Brief | Print the lines below from the line with "All in a days" to the line with "Pop Mart Labubu" exactly, keeping both ends, and print no pictures.

Available data |
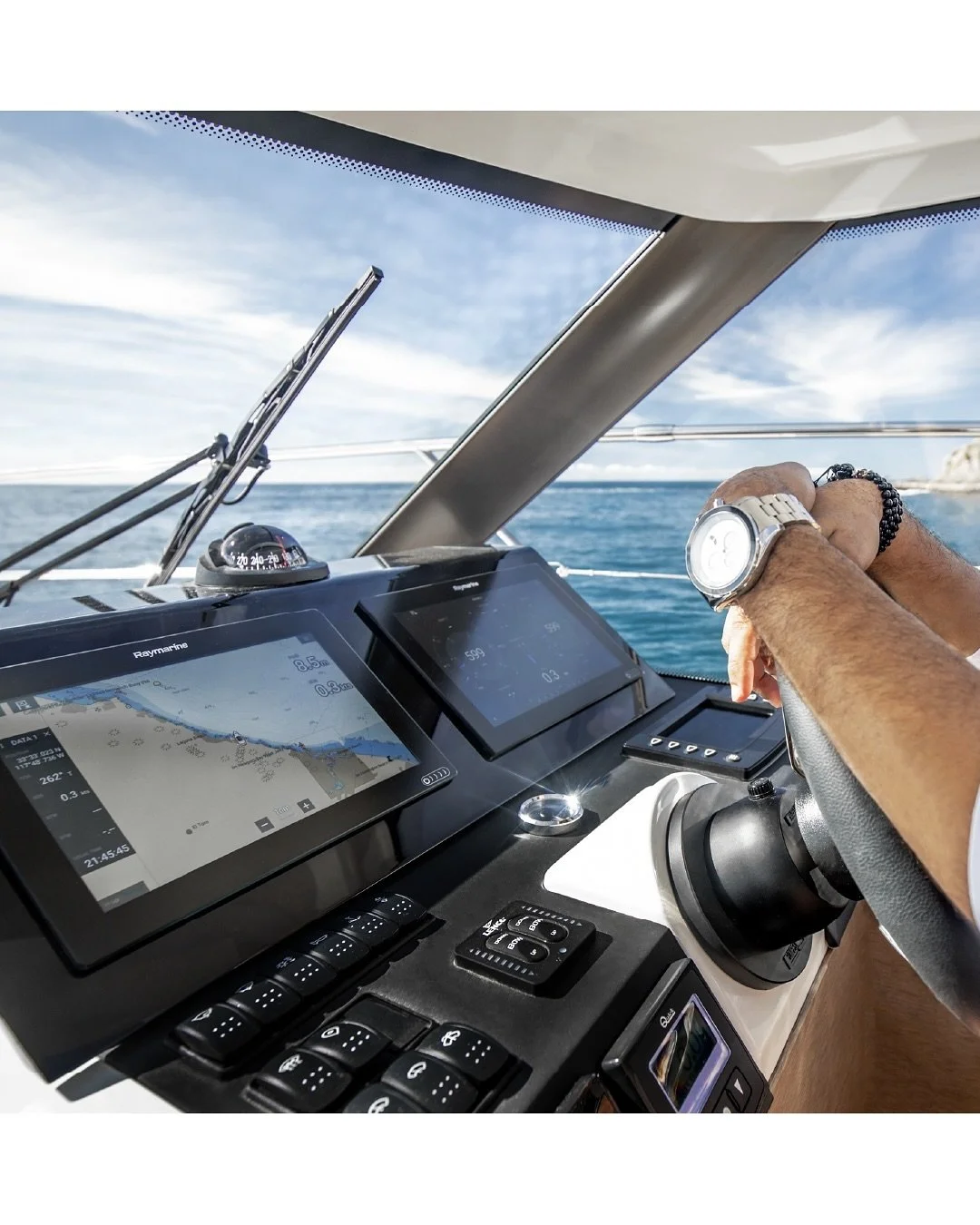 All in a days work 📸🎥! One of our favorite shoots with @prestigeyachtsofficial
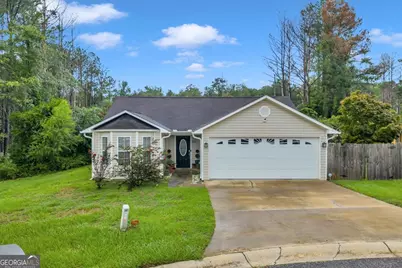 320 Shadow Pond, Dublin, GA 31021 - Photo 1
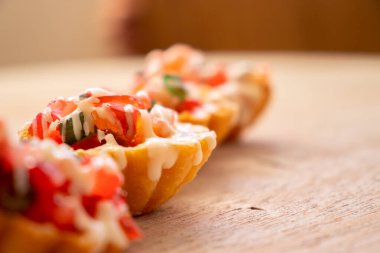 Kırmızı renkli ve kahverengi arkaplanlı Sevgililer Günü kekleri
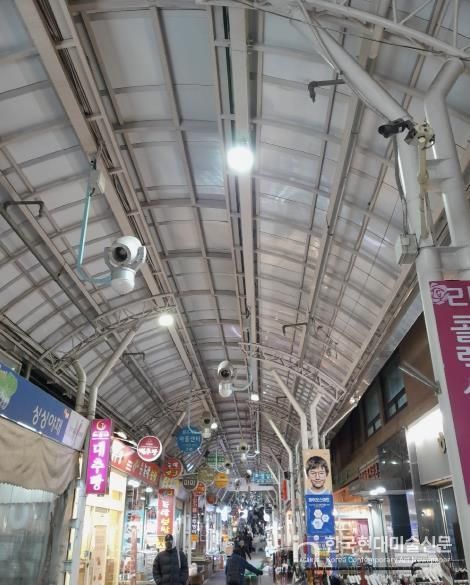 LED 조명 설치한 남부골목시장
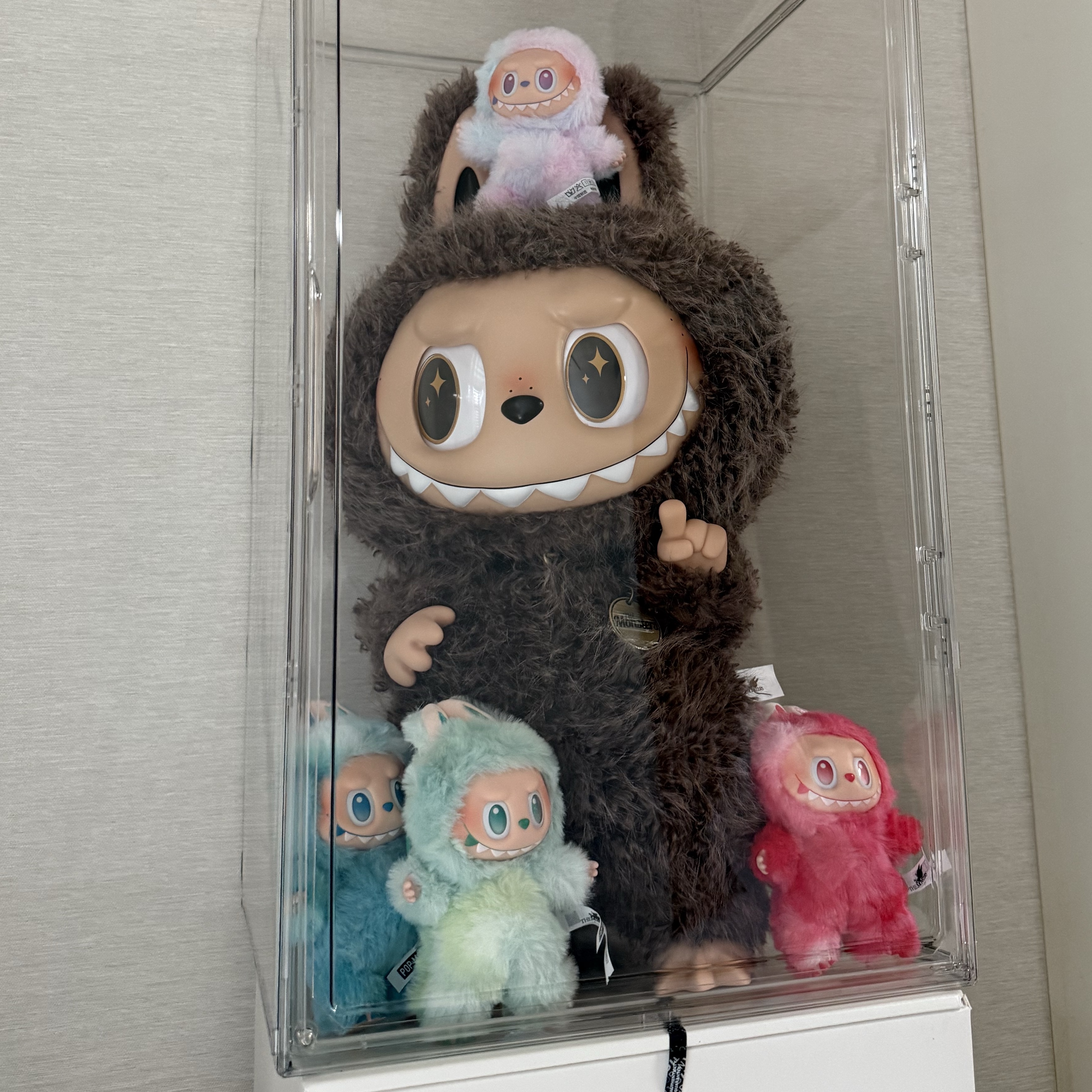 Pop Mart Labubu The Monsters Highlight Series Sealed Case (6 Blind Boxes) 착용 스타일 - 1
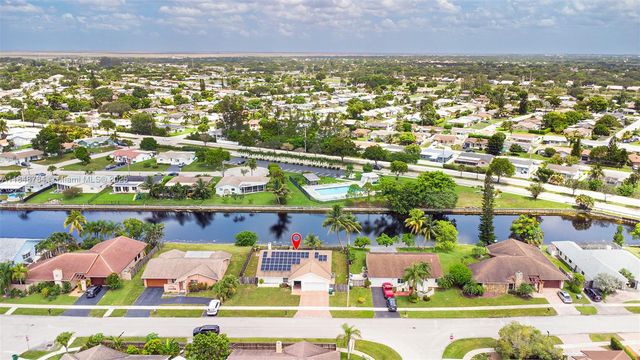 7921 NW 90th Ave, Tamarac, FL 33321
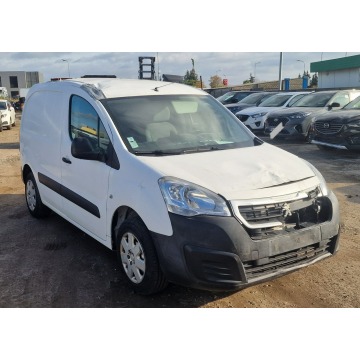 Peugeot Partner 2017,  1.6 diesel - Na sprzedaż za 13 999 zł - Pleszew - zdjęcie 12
==
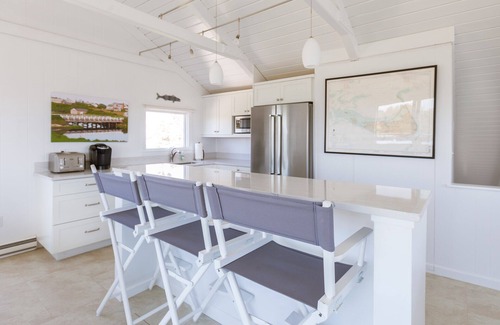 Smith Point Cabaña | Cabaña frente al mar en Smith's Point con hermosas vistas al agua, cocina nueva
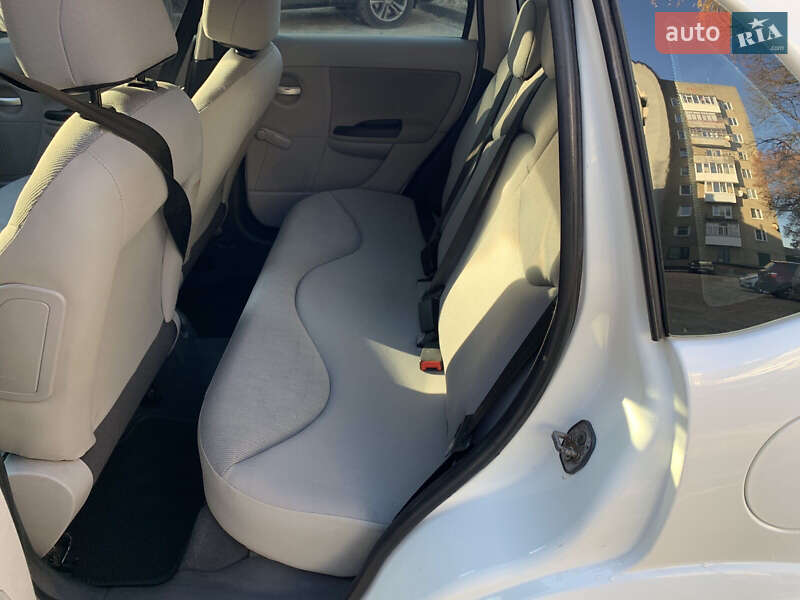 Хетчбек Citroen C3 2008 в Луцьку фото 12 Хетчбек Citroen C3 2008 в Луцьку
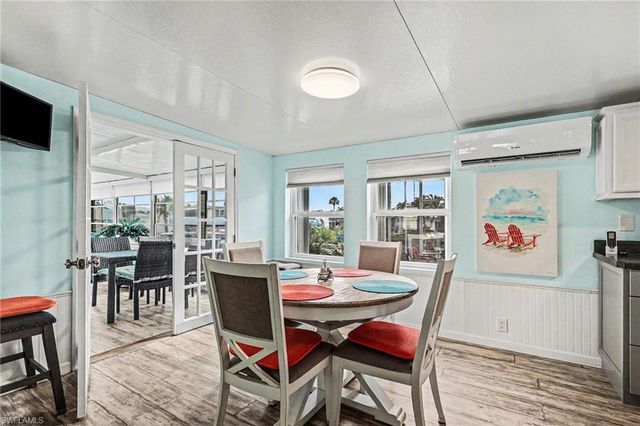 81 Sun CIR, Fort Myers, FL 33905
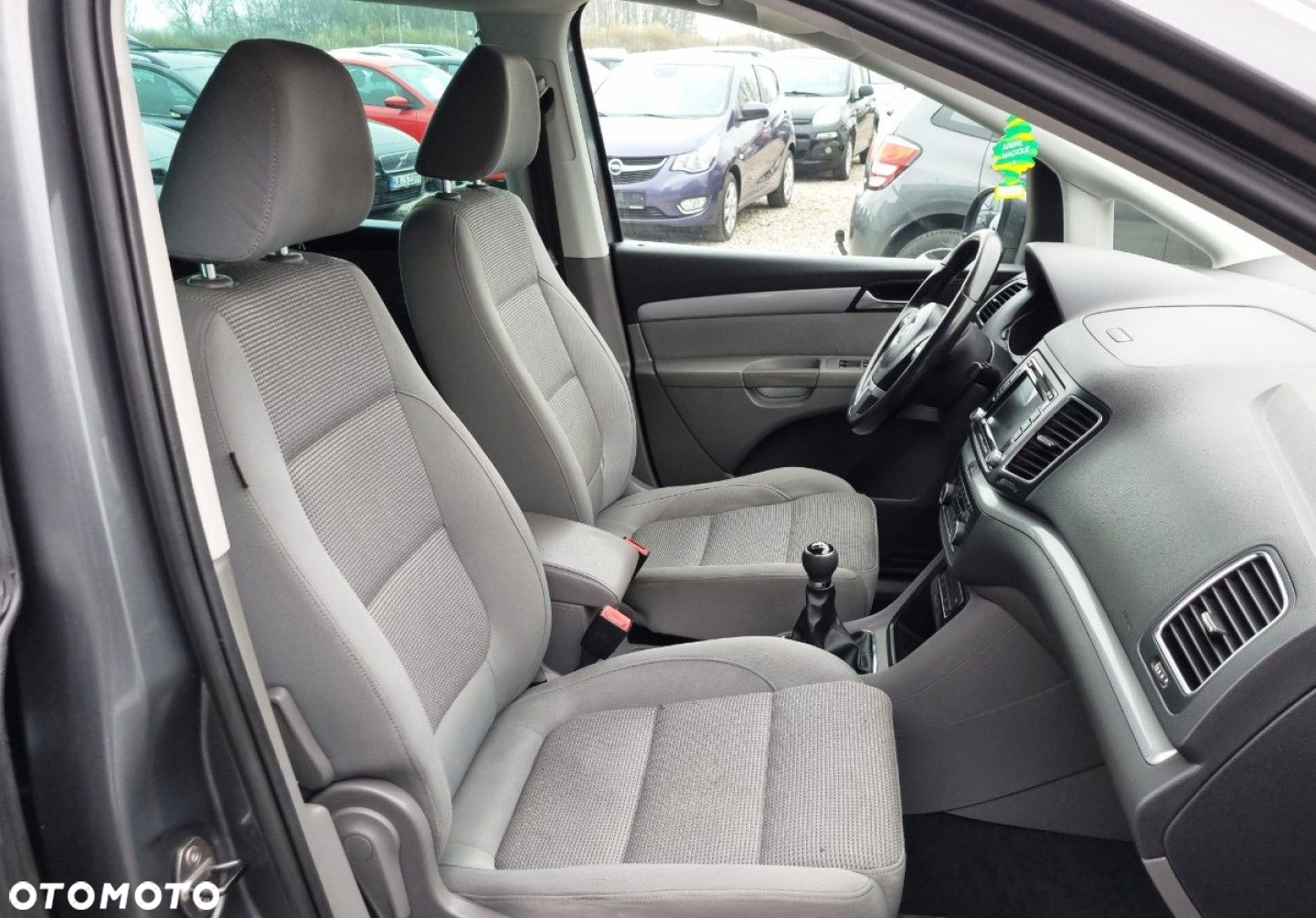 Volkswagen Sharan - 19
...
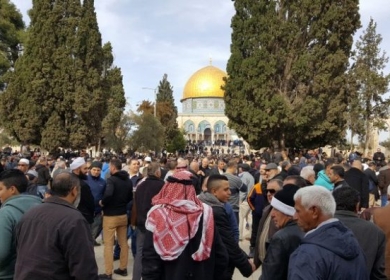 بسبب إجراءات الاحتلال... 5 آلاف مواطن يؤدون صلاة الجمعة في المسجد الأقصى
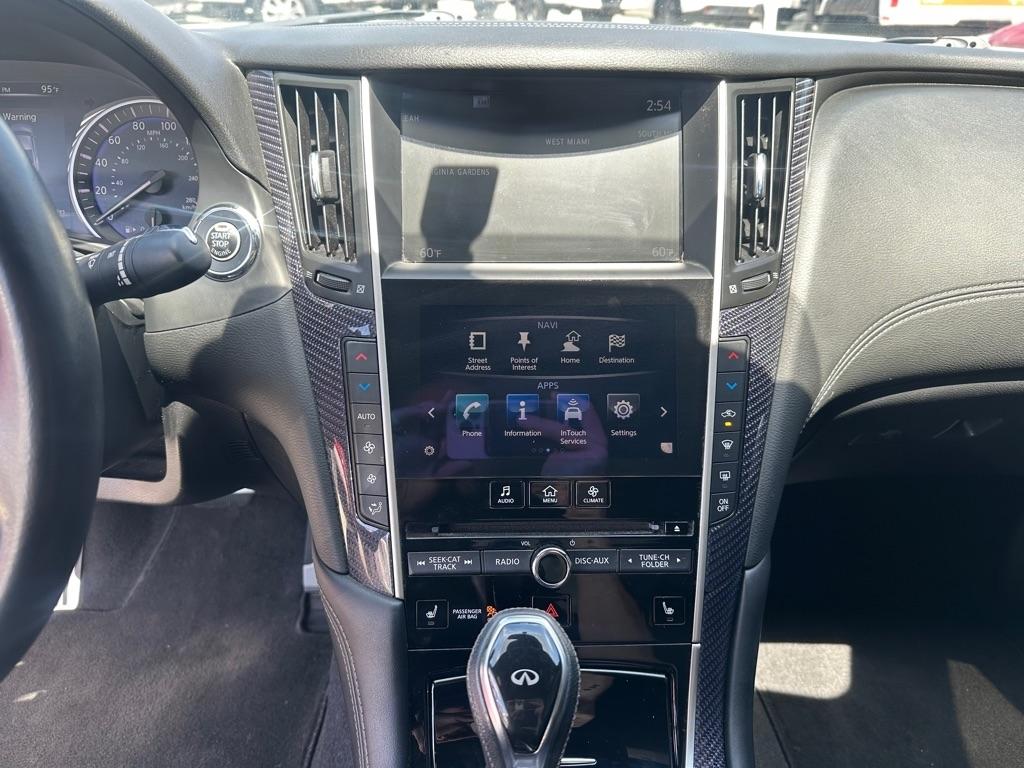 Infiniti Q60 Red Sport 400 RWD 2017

Answer to the exercise |
 All in a days work 📸🎥! One of our favorite shoots with @prestigeyachtsofficial
 320 Shadow Pond, Dublin, GA 31021 - Photo 1
 Kırmızı renkli ve kahverengi arkaplanlı Sevgililer Günü kekleri
 LED 조명 설치한 남부골목시장
 Pop Mart Labubu The Monsters Highlight Series Sealed Case (6 Blind Boxes) 착용 스타일 - 1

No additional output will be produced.